Maine Chairlift Injures 7 In Freak Accident
It was a parent’s nightmare today as many families witnessed a chairlift accident at Sugarloaf Ski Area in Maine. The King Pine lift’s brakes failed around 11:30 a.m., sending about nine chairs backward through the bullwheel and injuring seven guests. While no one was critically hurt, three are resting comfortably now in the hospital. It took operations about two hours to evacuate 204 people from the lift but some had already launched from the lift, attempting to jump to safety before it was too late.

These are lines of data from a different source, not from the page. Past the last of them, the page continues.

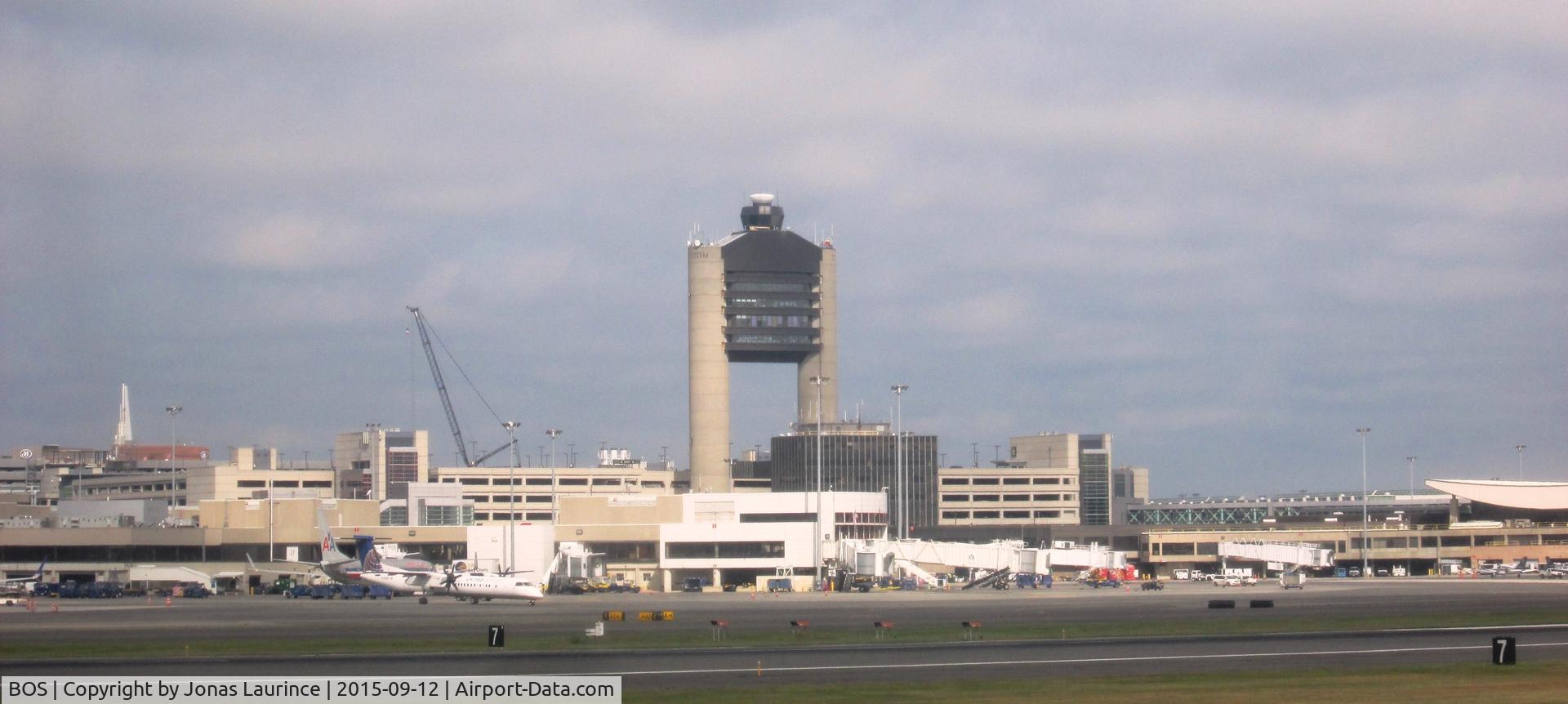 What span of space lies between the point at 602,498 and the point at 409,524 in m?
25.6

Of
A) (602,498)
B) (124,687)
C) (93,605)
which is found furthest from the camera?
(602,498)

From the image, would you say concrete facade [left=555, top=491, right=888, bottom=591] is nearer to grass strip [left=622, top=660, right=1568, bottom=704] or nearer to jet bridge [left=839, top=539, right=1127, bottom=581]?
jet bridge [left=839, top=539, right=1127, bottom=581]

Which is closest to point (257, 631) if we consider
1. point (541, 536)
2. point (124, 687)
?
point (124, 687)

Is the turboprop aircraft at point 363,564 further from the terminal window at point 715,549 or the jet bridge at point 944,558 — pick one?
the jet bridge at point 944,558

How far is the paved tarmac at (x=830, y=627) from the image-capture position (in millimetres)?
51812

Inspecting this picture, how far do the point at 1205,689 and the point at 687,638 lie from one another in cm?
2891

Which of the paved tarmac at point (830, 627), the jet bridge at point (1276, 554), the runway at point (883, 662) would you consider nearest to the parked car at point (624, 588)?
the paved tarmac at point (830, 627)

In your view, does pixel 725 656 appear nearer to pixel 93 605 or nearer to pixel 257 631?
pixel 257 631

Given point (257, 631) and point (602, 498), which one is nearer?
point (257, 631)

“The lift was dangerous and erratic as it circled the wrong way around the bullwheel at the bottom. Chairs were swinging people off and into the chairlift structure (pole),” said guest David Souweine who happened to think quickly enough to yank out his cellphone and catch the action. “The lift at that location was 10-15 feet with soft snow underneath. The (chairlift accident) injuries were from people swung by the bullwheel (big wheel where the lift changes direction) not from those bailing off the chairs.“
“Jumping was the correct and safest action at the time. Gravity will yank the people loaded, backwards, RAPIDLY, into a concrete and steel structure, then spin around 180 degrees with you flying off into said structure,” said YouTube’s ScottieBoo. “It was the fact the brakes were not kicking in, if it never braked every single person near the top of the lift would be flying backwards at near terminal velocity which is unsafe to jump from.“
The fixed-grip quad lift was inspected and certified to operate last October according to a press release on Sugarloaf’s website but it is now closed pending a close investigation by the Maine Board of Elevator and Tramway Safety. Sugarloaf is set to host the U.S. Alpine Championship, March 25-29, so this kind of wreck is not the exposure they were hoping for; especially as it was only four seasons ago that Sugarloaf’s Spillway East lift derailed, dropping nine chairs to the ground and putting eight people in the hospital.
In Utah ski lifts accidents are rare and usually occur when someone falls off. The last time anything mecahnical happened in Utah was in 1966 when two ladies died after being thrown off a scenic, summer lift ride at Sundance Resort.